A fishing vessel near Cordova Harbor. (May 16, 2021) Photo by Zachary Snowdon Smith/The Cordova Times

A boost in commercial deliveries of pink and coho salmon pushed the Prince William Sound preliminary harvest estimate to 27 million salmon through Tuesday, July 27, up from 20.1 million fish just a week earlier.

The humpy catch alone rose to 23.3 million fish, up from 16.6 million. The chum catch increased from 2.4 million to 2.8 million, the sockeye catch from 1.1 million to 1.2 million, and the coho harvest from 1,000 to 4,000 fish, while the Chinook harvest remained at some 7,000 fish.

Deliveries to date have reached 16,551, according to the Alaska Department of Fish and Game.

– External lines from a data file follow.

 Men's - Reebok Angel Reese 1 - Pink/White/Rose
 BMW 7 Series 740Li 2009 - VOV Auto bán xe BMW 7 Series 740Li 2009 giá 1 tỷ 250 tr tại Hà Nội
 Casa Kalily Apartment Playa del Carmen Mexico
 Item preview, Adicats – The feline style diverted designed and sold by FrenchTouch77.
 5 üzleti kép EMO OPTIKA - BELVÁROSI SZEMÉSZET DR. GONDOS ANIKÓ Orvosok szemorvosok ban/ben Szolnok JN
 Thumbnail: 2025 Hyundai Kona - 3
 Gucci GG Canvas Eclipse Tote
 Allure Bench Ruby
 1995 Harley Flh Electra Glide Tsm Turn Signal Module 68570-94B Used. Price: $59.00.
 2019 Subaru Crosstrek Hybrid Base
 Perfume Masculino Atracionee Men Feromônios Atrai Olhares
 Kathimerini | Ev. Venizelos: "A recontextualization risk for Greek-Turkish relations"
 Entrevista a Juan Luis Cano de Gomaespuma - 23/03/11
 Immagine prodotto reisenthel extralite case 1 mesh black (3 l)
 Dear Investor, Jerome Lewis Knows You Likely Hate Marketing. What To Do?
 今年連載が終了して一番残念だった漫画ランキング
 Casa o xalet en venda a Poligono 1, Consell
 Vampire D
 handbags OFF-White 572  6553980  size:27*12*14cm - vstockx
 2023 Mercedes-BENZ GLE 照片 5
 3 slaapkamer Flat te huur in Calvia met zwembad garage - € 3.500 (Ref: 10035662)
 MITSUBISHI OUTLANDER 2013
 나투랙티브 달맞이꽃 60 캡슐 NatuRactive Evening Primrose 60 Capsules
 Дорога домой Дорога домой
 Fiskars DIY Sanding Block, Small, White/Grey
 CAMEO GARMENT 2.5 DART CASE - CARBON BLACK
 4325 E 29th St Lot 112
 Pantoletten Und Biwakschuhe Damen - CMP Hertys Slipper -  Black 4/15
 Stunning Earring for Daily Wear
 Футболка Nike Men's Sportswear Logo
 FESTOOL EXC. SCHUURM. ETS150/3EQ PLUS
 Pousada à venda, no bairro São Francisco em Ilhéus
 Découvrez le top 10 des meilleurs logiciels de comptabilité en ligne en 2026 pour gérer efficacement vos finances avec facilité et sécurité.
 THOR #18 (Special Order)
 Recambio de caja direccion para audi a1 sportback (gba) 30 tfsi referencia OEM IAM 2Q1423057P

Statewide preliminary data from ADF&G showed the overall catch rising from 75.3 million to Overall sockeye deliveries increased from 47.4 million to 50.4 million fish, including nearly 40 million Bristol Bay reds. The overall chum harvest rose from 4.7 million to more than 6 million fish, while the coho harvest grew from 358,000 to 147,000 fish and Chinook harvests rose from 144,000 to 158,000 fish from the year-to-date total for 2020, or 2019 for pinks, following a second week in which harvests exceeded both the harvest on this week last year and the five-year average for this week of the calendar, said Dan Lesh, the fisheries economist with McKinley Research Group in Anchorage who compiles weekly in-season commercial salmon harvest reports on behalf of the Alaska Seafood Marketing Institute.

Lesh said the pink salmon harvest over the past two weeks had been especially strong and followed a slow start. The total pink salmon year-to-date harvest now only trails the 2019 reference year by 8% after being down 70% two weeks ago, he said.

Alaska pink salmon harvests usually peak in early to mid-August, but while harvest totals appear to be moderately strong in terms of number of fish, fish have generally been smaller, he said.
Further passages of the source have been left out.